2010/7/22 Tim Starling <tstarling(a)wikimedia.org>rg>:
An alternative would be to add a column to the
categorylinks table,
say cl_type. It could be an ENUM or some short text type. Then the
index could be altered to include this field at the start of it.
Presumably the rationale for combining these two things into
cl_sortkey is to avoid a schema change, and to make the paging code
slightly simpler. But I worry that future generations of MediaWiki
developers will curse us for laziness and obfuscation.
There is another reason to prefer this schema, which is that the
orginially proposed one is susceptible to weird transition bugs. After
this feature is deployed, there will be old-format (i.e. plain)
sortkeys sticking around in the database for quite some time after
(they won't go away until LinksUpdate fixes them), which means that
pages whose sortkey starts with a C or F will be recognized as
categories and files respectively, even if they're normal pages.

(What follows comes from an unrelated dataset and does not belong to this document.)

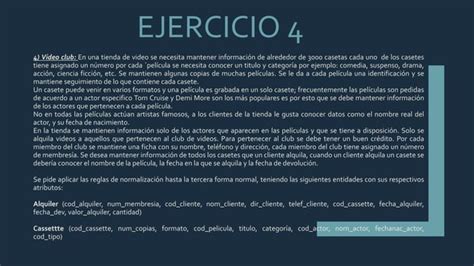 Ejercicios De Normalizacion PPT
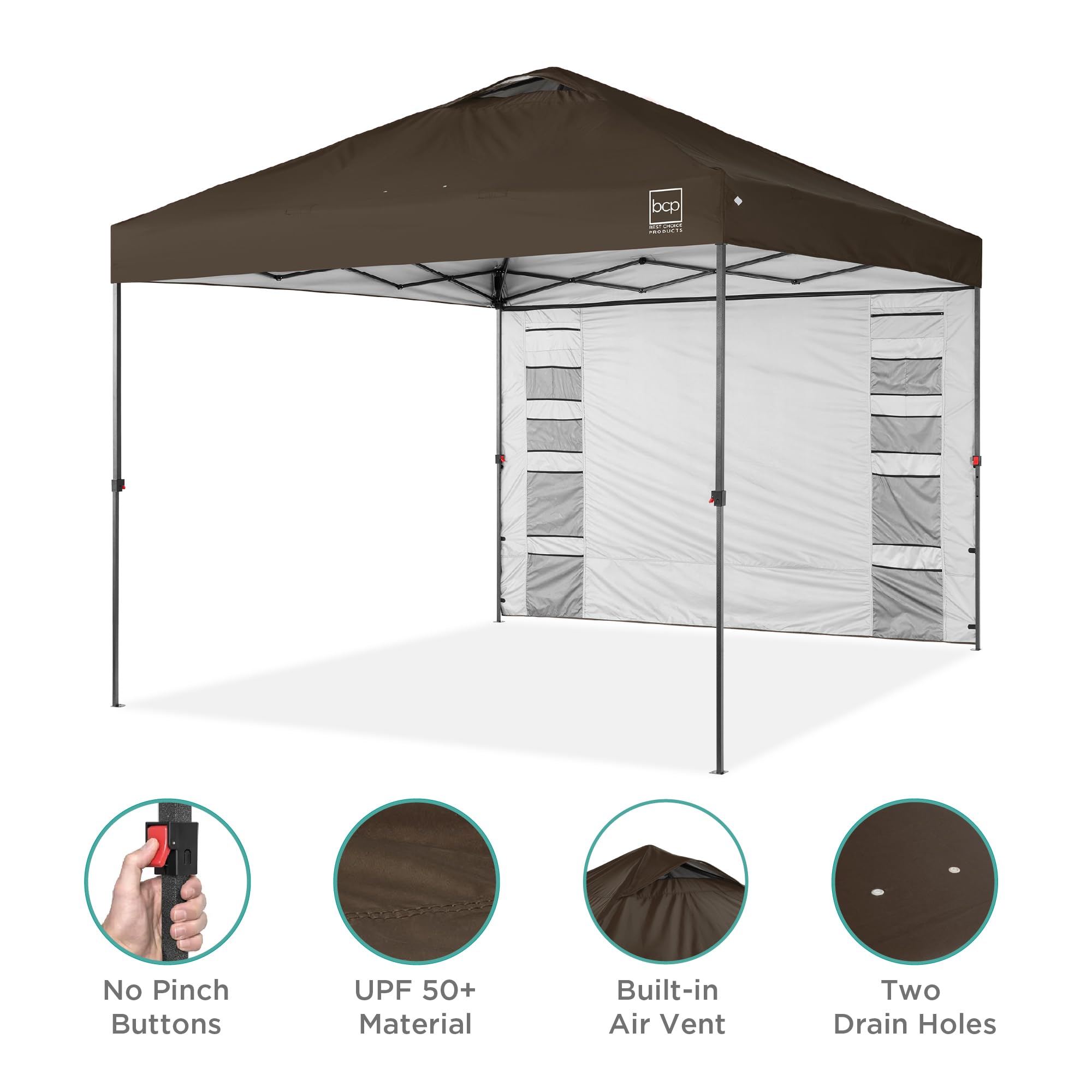 Best Choice Products 10x10ft Pop Up Canopy Tent with Sidewall, 1 Person 1 Minute Set Up, Carry Case, 4 Weight Bags - Pink/White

The best way to mitigate that is to populate the namespace information
prior to deployment. In Tim's schema, that means filling the cl_type
field based on page_namespace. In the sortkey prefix schema, that
means prefixing the sortkey with the relevant sortkey, but that also
requires the sortkey updating code has already been updated at that
time (so it doesn't overwrite new-style sortkeys with old-style ones),
which means you'd have to partially deploy the code while running the
population script. Yuck.
Roan is also asking for a store of the plain text form
in this thread.
I have since conceded that it takes space for almost zero gain (as it
doesn't solve the first letter problem and doesn't have much gain for
the API either), see my previous post.
Roan Kattouw (Catrope)